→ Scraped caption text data
-- Opening Marker --

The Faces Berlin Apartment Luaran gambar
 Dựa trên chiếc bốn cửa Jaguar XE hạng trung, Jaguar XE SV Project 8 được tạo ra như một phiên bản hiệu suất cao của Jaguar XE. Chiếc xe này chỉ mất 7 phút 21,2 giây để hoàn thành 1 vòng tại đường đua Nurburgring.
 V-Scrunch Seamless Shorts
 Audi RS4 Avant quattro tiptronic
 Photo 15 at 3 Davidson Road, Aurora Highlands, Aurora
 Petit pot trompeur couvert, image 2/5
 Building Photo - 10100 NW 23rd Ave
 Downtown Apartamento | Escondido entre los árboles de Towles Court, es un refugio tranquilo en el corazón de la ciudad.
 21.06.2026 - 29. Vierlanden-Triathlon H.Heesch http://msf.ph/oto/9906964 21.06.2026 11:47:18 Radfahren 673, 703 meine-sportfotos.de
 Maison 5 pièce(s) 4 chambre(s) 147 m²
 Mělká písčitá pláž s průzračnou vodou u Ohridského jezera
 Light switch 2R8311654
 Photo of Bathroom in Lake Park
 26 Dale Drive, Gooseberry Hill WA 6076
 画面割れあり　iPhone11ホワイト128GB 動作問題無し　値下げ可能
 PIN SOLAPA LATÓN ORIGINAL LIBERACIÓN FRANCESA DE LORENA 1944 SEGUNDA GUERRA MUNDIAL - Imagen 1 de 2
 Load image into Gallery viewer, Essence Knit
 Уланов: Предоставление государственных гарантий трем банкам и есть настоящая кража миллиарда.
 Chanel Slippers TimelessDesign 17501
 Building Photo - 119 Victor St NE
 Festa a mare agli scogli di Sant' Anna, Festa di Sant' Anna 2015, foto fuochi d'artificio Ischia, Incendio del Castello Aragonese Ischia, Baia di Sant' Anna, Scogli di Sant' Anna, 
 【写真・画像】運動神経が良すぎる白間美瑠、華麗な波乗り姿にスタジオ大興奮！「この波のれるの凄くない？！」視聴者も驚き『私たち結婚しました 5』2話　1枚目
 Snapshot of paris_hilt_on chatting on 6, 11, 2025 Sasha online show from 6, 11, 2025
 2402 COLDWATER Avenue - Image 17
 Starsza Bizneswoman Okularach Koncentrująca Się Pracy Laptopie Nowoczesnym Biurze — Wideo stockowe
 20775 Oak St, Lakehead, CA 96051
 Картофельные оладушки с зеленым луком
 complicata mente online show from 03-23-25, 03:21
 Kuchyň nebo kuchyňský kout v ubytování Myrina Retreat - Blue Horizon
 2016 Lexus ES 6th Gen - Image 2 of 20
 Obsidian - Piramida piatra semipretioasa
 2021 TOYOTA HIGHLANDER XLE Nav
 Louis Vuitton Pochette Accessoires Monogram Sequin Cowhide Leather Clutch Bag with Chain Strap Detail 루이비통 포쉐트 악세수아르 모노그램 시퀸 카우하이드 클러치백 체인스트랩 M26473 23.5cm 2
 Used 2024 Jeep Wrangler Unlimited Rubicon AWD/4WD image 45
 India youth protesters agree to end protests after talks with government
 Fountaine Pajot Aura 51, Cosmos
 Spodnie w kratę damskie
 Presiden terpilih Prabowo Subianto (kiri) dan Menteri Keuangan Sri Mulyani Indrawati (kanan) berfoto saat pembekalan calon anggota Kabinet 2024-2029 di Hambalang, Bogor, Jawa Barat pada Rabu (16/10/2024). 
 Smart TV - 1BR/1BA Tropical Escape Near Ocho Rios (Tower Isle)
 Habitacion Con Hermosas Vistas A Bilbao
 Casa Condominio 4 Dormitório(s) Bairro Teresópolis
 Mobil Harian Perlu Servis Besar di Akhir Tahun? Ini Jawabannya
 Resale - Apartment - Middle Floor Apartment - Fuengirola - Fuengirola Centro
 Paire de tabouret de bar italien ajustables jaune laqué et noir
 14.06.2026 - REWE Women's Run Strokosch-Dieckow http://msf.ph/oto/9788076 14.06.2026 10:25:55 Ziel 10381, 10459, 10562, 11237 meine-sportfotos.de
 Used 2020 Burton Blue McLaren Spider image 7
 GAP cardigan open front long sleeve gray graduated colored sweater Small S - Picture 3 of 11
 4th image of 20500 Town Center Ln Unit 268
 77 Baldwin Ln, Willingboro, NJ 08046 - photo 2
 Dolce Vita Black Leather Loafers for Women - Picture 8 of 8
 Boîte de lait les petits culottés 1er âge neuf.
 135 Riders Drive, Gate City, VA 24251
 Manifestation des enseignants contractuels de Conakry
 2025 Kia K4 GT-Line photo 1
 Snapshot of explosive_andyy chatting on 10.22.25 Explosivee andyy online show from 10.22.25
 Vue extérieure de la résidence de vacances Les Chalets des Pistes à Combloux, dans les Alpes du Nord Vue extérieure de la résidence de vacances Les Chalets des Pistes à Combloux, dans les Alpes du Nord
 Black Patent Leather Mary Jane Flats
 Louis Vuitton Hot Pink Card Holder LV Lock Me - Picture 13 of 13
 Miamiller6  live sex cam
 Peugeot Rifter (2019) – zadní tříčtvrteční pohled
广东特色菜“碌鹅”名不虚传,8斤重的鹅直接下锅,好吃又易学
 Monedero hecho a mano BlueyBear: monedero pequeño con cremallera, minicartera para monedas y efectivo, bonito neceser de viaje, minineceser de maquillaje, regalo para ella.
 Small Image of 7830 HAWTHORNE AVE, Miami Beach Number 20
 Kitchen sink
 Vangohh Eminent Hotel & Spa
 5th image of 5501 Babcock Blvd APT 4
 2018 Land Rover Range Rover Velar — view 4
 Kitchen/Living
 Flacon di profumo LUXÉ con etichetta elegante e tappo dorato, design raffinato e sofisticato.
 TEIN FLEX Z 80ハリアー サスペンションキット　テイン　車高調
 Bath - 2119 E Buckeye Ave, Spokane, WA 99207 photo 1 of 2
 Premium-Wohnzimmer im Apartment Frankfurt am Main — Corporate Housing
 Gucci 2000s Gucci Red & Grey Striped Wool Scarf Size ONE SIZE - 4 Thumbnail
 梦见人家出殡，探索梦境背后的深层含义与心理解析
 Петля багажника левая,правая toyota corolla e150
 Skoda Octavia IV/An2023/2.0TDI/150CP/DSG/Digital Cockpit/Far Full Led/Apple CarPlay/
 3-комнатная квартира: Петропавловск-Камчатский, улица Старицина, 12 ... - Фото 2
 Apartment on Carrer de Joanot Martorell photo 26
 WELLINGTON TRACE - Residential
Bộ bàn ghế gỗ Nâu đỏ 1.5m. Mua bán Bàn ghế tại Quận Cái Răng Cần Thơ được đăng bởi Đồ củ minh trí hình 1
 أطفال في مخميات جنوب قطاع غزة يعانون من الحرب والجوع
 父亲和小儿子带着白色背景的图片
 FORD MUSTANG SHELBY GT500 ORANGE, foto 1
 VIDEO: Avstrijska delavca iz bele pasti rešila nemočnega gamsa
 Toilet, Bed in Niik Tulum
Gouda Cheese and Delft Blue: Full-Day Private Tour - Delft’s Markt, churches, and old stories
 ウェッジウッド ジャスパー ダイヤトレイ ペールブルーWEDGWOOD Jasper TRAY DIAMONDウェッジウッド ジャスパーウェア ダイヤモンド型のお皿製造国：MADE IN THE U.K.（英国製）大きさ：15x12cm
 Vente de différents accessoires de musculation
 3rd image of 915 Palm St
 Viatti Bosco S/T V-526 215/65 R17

-- Closing Marker --

→ Exercise prompt
The answer is the lines above between the line holding "PIN SOLAPA LATÓN" and the line holding "Smart TV - 1BR/1BA", inclusive, each written out exactly, and no others.

→ Exercise output
 PIN SOLAPA LATÓN ORIGINAL LIBERACIÓN FRANCESA DE LORENA 1944 SEGUNDA GUERRA MUNDIAL - Imagen 1 de 2
 Load image into Gallery viewer, Essence Knit
 Уланов: Предоставление государственных гарантий трем банкам и есть настоящая кража миллиарда.
 Chanel Slippers TimelessDesign 17501
 Building Photo - 119 Victor St NE
 Festa a mare agli scogli di Sant' Anna, Festa di Sant' Anna 2015, foto fuochi d'artificio Ischia, Incendio del Castello Aragonese Ischia, Baia di Sant' Anna, Scogli di Sant' Anna, 
 【写真・画像】運動神経が良すぎる白間美瑠、華麗な波乗り姿にスタジオ大興奮！「この波のれるの凄くない？！」視聴者も驚き『私たち結婚しました 5』2話　1枚目
 Snapshot of paris_hilt_on chatting on 6, 11, 2025 Sasha online show from 6, 11, 2025
 2402 COLDWATER Avenue - Image 17
 Starsza Bizneswoman Okularach Koncentrująca Się Pracy Laptopie Nowoczesnym Biurze — Wideo stockowe
 20775 Oak St, Lakehead, CA 96051
 Картофельные оладушки с зеленым луком
 complicata mente online show from 03-23-25, 03:21
 Kuchyň nebo kuchyňský kout v ubytování Myrina Retreat - Blue Horizon
 2016 Lexus ES 6th Gen - Image 2 of 20
 Obsidian - Piramida piatra semipretioasa
 2021 TOYOTA HIGHLANDER XLE Nav
 Louis Vuitton Pochette Accessoires Monogram Sequin Cowhide Leather Clutch Bag with Chain Strap Detail 루이비통 포쉐트 악세수아르 모노그램 시퀸 카우하이드 클러치백 체인스트랩 M26473 23.5cm 2
 Used 2024 Jeep Wrangler Unlimited Rubicon AWD/4WD image 45
 India youth protesters agree to end protests after talks with government
 Fountaine Pajot Aura 51, Cosmos
 Spodnie w kratę damskie
 Presiden terpilih Prabowo Subianto (kiri) dan Menteri Keuangan Sri Mulyani Indrawati (kanan) berfoto saat pembekalan calon anggota Kabinet 2024-2029 di Hambalang, Bogor, Jawa Barat pada Rabu (16/10/2024). 
 Smart TV - 1BR/1BA Tropical Escape Near Ocho Rios (Tower Isle)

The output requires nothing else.